Among many good stories of Thiers, this is told. A prize had been offered by the Academy of Aix for the best eulogium on Vauvenargues. Thiers, then quite a boy, sent a M. S. It was deemed excellent; but the author being suspected, and no other candidate deserving the palm, the committee, rather than award it to a Jacobin, postponed their decision for a year. At the expiration of this time our youth’s article again made its appearance, but, meanwhile, a production had arrived from Paris which was thought far better. The judges were rejoiced. They were no longer under the cruel necessity of giving the first honor to a Jacobin—but felt bound to present him with the second. The name of the Parisian victor was unsealed. It was that of Thiers—Monsieur Tonson come again. He had been at great pains to mystify the committee; (other committees of the same kind more frequently reverse affairs and mystify the public) the M. S. had been copied in a strange hand, and been sent from Aix to Paris and from Paris to Aix. Thus our little friend obtained both the main prize and the accessit.
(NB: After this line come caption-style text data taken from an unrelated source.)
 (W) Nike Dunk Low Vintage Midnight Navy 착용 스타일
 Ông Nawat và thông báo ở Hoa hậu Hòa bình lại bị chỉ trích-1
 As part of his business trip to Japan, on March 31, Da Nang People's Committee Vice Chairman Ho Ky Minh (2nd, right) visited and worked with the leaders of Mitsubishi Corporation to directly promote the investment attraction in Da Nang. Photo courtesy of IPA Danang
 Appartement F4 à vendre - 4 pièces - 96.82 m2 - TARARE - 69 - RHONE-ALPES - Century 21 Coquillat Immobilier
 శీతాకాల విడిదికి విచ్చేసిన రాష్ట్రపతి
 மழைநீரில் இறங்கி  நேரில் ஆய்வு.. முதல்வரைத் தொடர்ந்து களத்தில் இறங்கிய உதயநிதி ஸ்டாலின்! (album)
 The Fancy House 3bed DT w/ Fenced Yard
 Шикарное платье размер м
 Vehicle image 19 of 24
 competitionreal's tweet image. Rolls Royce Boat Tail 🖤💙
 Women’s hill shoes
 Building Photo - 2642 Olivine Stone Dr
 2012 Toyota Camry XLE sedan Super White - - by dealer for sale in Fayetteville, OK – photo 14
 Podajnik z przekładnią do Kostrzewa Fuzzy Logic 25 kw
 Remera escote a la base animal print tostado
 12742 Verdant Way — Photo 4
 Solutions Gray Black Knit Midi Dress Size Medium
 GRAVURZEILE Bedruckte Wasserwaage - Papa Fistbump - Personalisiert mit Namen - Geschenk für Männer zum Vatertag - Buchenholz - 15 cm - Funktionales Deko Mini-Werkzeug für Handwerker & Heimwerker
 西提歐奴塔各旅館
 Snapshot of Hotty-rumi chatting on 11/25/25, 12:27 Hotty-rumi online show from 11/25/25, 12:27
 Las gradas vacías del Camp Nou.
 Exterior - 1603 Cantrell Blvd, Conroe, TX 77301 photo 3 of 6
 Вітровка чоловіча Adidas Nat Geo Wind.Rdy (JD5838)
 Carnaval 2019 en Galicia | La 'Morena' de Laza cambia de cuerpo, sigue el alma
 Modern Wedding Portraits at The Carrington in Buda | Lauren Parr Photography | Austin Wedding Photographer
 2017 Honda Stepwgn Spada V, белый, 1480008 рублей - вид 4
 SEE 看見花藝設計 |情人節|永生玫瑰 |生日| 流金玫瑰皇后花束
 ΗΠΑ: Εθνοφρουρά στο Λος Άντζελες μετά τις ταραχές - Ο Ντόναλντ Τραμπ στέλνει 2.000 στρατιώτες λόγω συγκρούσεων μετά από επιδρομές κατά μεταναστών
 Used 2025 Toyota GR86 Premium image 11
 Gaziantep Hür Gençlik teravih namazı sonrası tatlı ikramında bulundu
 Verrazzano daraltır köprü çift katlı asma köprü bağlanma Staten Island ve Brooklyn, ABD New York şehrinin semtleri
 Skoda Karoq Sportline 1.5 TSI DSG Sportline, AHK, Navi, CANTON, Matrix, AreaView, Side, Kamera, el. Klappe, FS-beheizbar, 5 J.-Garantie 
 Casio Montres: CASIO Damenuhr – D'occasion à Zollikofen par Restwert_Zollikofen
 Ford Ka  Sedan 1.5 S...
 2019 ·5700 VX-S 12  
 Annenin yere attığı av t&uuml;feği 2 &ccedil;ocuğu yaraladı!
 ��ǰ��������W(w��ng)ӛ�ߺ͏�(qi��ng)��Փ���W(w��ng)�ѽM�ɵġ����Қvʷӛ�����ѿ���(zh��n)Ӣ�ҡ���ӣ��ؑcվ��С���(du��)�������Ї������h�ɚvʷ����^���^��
An anecdote somewhat similar is related of Victor Hugo. In 1817, the Academy offered a premium for the best poem on the advantages of study. Hugo entered the lists. His piece was considered worthiest, but was rejected because a falsehood was supposed to be implied in the concluding lines, which ran thus:—

Moi qui, toujours fuyant les cités et les cours,

De trois lustres à peine ai vu finir le cours.

The Academy would not believe that any one under twenty-five years of age had written so fine a poem, and, supposing a mystification designed, thought to punish the author by refusing him the prize. Informed of the facts, Hugo hastened to show the certificate of his birth to the reporter, M. Raynouard; but it was too late—the premium had been awarded.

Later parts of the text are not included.